Frequently Asked Questions

This tool parses BLAST XML format 5 (the default -outfmt 5 output from NCBI BLAST+). It reads the standard BlastOutput root schema with nested Iteration, Hit, and Hsp elements. Format 14 (BLAST XML2) uses a different schema and is not supported. If your file has a root element of <BlastXML2> instead of <BlastOutput>, you must re-run BLAST with -outfmt 5.

The converter parses the Hsp_midline element character by character. A pipe character (|) indicates identity - the query and subject residues are identical - colored green.
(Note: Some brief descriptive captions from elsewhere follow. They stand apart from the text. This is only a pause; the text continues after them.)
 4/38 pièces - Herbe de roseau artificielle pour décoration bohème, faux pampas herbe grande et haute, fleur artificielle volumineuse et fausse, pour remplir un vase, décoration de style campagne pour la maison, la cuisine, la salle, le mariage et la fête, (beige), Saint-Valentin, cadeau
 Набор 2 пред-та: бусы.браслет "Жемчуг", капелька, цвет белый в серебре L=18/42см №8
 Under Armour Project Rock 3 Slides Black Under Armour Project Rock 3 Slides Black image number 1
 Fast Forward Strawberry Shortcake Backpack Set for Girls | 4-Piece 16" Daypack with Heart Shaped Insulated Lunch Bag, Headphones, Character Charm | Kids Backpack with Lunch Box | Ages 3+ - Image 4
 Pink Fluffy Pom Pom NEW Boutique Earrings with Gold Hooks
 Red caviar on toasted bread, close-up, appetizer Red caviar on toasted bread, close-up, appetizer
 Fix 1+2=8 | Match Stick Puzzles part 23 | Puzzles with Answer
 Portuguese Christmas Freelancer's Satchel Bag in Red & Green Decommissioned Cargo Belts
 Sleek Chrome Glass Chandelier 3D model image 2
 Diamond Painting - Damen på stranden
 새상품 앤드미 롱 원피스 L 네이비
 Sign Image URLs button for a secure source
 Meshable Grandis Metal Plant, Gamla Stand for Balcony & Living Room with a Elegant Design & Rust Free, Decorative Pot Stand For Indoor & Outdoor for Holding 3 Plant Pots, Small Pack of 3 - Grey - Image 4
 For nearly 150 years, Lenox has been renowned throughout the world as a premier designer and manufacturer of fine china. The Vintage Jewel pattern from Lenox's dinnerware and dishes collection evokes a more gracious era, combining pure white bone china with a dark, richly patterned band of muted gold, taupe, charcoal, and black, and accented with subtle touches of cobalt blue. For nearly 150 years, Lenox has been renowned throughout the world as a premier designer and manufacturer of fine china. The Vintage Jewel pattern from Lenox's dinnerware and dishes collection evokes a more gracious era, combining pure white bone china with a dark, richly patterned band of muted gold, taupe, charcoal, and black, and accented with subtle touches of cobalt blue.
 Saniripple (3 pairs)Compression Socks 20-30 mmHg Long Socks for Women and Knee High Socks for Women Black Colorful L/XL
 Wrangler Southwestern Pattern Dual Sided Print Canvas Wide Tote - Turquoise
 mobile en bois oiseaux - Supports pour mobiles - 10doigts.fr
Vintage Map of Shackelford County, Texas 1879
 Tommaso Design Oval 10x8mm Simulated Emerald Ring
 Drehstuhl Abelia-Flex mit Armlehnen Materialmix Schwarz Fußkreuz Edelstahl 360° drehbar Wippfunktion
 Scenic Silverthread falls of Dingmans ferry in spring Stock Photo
A plus (+) indicates a positive substitution according to the scoring matrix (e.g., BLOSUM62) - colored yellow. A space indicates a mismatch - colored red. Gaps (- characters in Hsp_qseq or Hsp_hseq) are colored gray. For nucleotide BLAST (blastn), only identity and mismatch apply since there are no positive substitutions.

BLAST reports E-values as floating-point numbers. When the true E-value is smaller than approximately 1e-180, BLAST rounds it to 0.0 in the XML output. This is a limitation of the BLAST software, not the converter. An E-value of 0.0 indicates extremely high statistical significance. The converter displays it as reported. For precise values at this range, consult the bit score instead: a bit score above 600 typically corresponds to E-values below 1e-180.

Yes. The converter iterates over all elements in the XML. Each query generates a separate section in the HTML output with its own hit table and alignments. For files containing more than 50 iterations, the conversion may take several seconds. The progress indicator will show completion percentage. For files exceeding 50 MB or 500+ queries, performance depends on available browser memory.

Hit definitions (Hit_def) in BLAST XML can span thousands of characters when multiple database entries share identical sequences. The summary table truncates descriptions to 120 characters with an ellipsis. The full description is available in the tooltip (hover) and in the detailed alignment section below the table. No sequence data is ever truncated.

The converter uses the browser DOMParser API which reports XML syntax errors. If the XML is malformed (unclosed tags, encoding issues, truncated file), the converter will display a specific error message including the line and column of the first parsing error. Common causes include interrupted downloads (truncated files) and character encoding conflicts. Ensure your file is complete and UTF-8 encoded.